Went to Vand... site to check out the Crowtan. It is an acid pickle using salt and some possible tanning agents. That is why the skin turns white and why you must baking soda the hide and liquid to neutralize.

So the only step skipped is the double salt which I would not skip....IMHO.

Starting with a good double salt assures no hair slip and good tanning results that last for years.

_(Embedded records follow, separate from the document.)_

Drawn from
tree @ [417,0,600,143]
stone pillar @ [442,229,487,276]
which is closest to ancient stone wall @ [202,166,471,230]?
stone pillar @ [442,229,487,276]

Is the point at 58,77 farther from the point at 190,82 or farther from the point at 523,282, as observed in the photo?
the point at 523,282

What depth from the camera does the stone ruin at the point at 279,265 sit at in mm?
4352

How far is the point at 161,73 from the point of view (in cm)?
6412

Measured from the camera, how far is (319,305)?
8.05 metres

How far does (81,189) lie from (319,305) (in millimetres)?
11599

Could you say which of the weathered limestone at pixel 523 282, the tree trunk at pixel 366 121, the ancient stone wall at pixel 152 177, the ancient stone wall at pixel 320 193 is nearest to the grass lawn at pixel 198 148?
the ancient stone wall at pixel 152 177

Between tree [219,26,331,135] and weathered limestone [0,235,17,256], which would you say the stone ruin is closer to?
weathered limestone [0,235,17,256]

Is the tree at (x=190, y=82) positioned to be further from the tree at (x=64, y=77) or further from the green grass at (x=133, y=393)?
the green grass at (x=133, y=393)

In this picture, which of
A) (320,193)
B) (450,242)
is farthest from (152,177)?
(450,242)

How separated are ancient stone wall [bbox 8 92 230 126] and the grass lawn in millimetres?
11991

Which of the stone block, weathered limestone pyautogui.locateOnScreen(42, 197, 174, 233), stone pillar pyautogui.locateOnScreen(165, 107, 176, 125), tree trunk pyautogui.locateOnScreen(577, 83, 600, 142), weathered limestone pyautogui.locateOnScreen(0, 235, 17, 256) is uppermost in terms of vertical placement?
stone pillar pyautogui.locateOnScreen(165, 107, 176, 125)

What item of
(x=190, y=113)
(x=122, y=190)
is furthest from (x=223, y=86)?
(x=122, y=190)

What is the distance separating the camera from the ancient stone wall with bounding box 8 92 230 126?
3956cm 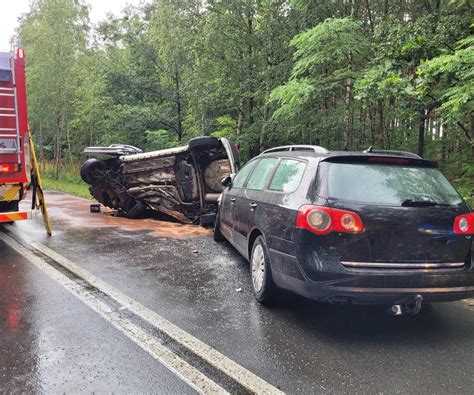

Good to learn basic methods before you "Skip Steps".

again IMHO


----------



## kahoff

keebes4 thanks for the advice. This might let you know how much of an amature I am but thanks to someone elses advice I got on taxidermy.net and saw a forum about just tanning an ear with the cartlidge still attached to the inner ear and then removing the cartlidge later. I just didn't think the tan would work until after the cartlidge had already been removed. Well it may be too late for this cape but in the future, would using krowtan work like this? I am getting ready to use Rinehart tanning cream on this cape to see how it works. I think it is similar to Krowtan because it is basically a one step tanning process. as far as I know you salt for 1 day, then brush on tanning cream and let sit for one day. Also this is another dumb question but do you even have to remove the cartlidge in the ear? I thought I saw something that said you did not. Wouldn't it rot?


----------



## TimberlandTaxi

Ear openers are only used to turn the outside of the ear. To remove the cartilage from the inner ear skin you must do it by hand. You can tan the skin before removing the cartilage with no problems. The cartilage can (and should) be left in when using the bonded ear method, but should be removed IMO whenever using liners.


----------



## JerseyJays

tan before worrying about the front of the ear skin. just spread apart the back side for now. once back, fold and sllice the cartlige (not too deep through the skin on the front) and then peel by hand..
i've had this work easy, and ive had it take an hr..... all depends on the deer.
also, if you start to pull hair through, stop and try from another angle...'

this step can be a peice of cake, or a pain in the butt... good luck, hope you get an easy one


----------